▶ TASK DESCRIPTION: Each line of the data must be given back verbatim, with pictures removed.

▶ GIVEN MATERIAL:
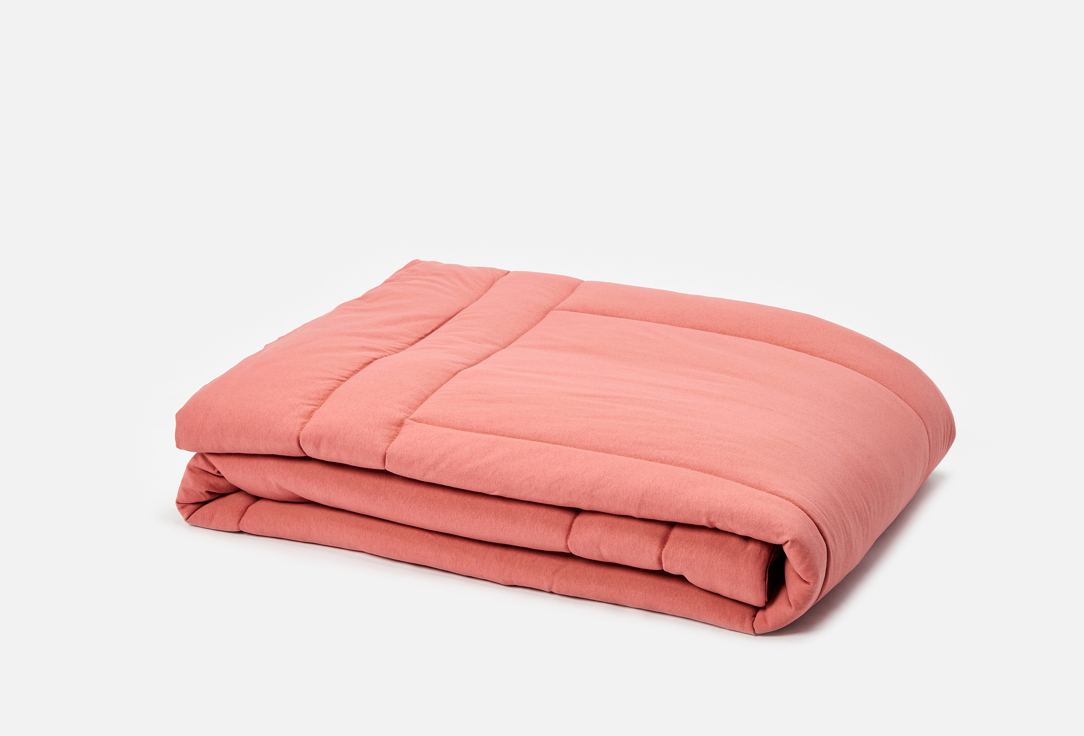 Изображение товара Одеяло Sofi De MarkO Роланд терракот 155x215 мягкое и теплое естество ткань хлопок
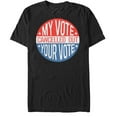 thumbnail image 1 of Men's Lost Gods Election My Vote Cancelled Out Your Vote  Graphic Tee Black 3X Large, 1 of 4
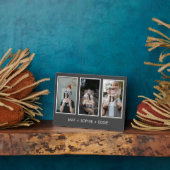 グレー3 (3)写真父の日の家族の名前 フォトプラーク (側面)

▶ TASK RESPONSE:
 Изображение товара Одеяло Sofi De MarkO Роланд терракот 155x215 мягкое и теплое естество ткань хлопок
 thumbnail image 1 of Men's Lost Gods Election My Vote Cancelled Out Your Vote  Graphic Tee Black 3X Large, 1 of 4
 グレー3 (3)写真父の日の家族の名前 フォトプラーク (側面)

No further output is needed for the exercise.